At the same time, Russian state-backed hackers are waging cyberattacks against political parties, campaigns, consultants and others tied to the U.S. elections — using more elaborate deceptions than in 2016, Microsoft said last week.
So far, the 2020 race hasn’t featured any obvious repeats of the mass hacking and dumping of confidential documents that undermined Hillary Clinton at key moments during the 2016 campaign. U.S. intelligence agencies later blamed that breach on a covert Kremlin effort to torpedo the Democratic nominee and help Trump win.
But security researchers, former intelligence officials and lawmakers now worry that the Russians may still have a hand they haven’t played.
“One thing we know that happened in 2016 was Russia, particularly with misinformation and disinformation, tried to exacerbate those divisions that we see play out in real time in America,” Senate Intelligence Vice Chair Mark Warner (D-Va.) told an audience at a cybersecurity conference last week. “I’m very, very concerned in these last 50-plus days whether Russia could try to exacerbate those kinds of racial divisions again.”
In some ways, Russia’s job is easier than it was in 2016. American, Chinese and Iranian copycats are now pumping out falsehoods likely to seed the same divisions and doubts about the legitimacy of the election, often mimicking tactics first deployed by the Kremlin.

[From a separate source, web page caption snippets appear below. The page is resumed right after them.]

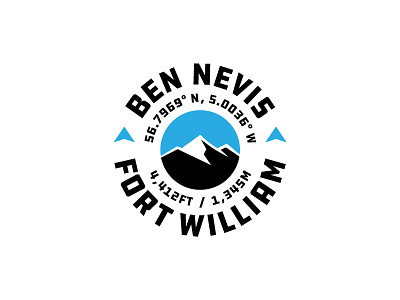 Ben Nevis brand branding flat icon identity logo logo design logotype symbol type typography vector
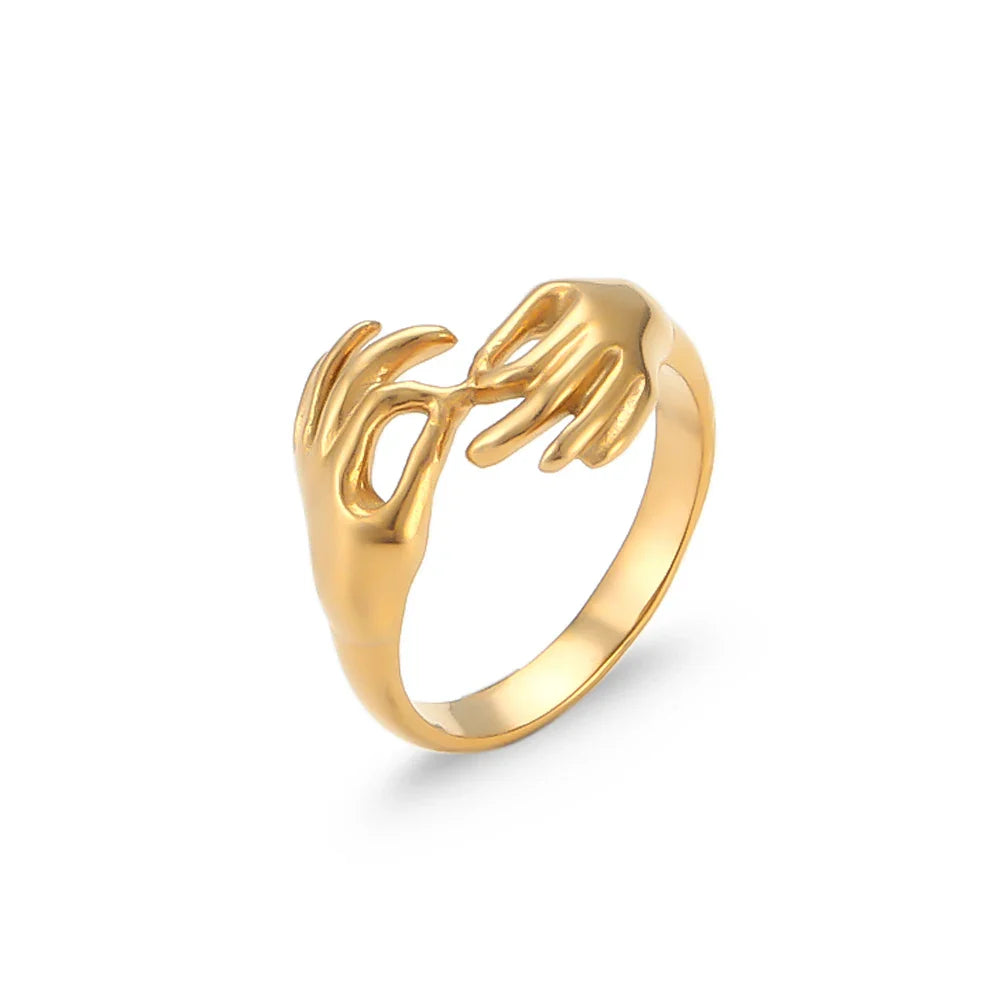 Kreativer vergoldeter Ring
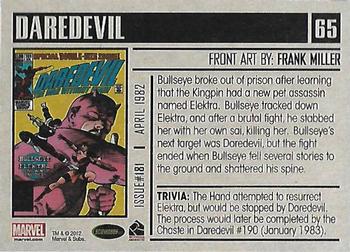 2012 Rittenhouse Marvel Bronze Age #65 Daredevil #181 Back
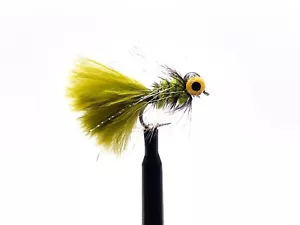 3 vaporizadores de oliva con cabeza de plomo trucha moscas pesca moscas talla 10 o 12 - Imagen 1 de 1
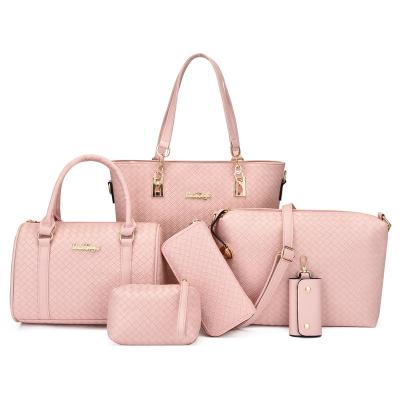 China 2023 High Quality PU Leather 6pcs Women's Handbag Others Fashion Large Purse Set Luxury Designer Handbags For Ladies for sale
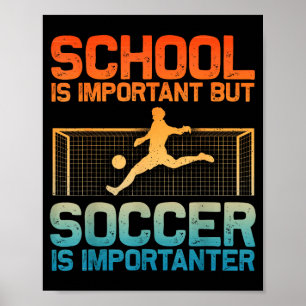 Funny Soccer Art For Boys Girls Men Women Gag Socc Poster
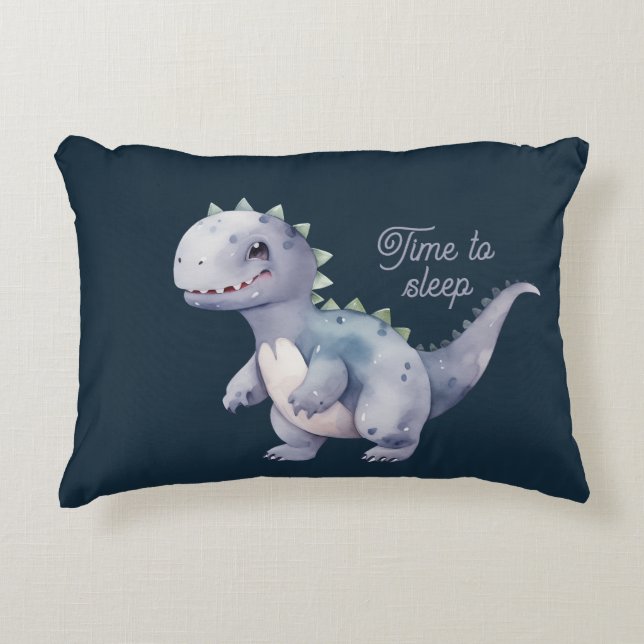 Cute Dinosaur Decorative Cushion (Front)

And the biggest threat this year may be Americans themselves. Many have embraced a deluge of fringe ideas and misinformation to a degree that may dwarf those foreign efforts. Extremists in the U.S. have adopted much of Moscow’s online strategy, including creating fake online personas to pump out falsehoods. Case in point: The QAnon conspiracy theory, which alleges a plot by elite pedophiles and the “deepstate” to overthrow Trump, has gone so mainstream it’s poised to send adherents to Congress.
“The scale, scope and, most importantly, the impact of domestic disinformation is far greater than any foreign government could do to the United States,” said Graham Brookie, director of the Atlantic Council’s Digital Forensic Research Lab, which tracks online influence campaigns — and was itself the victim of recent Russian cyberattacks.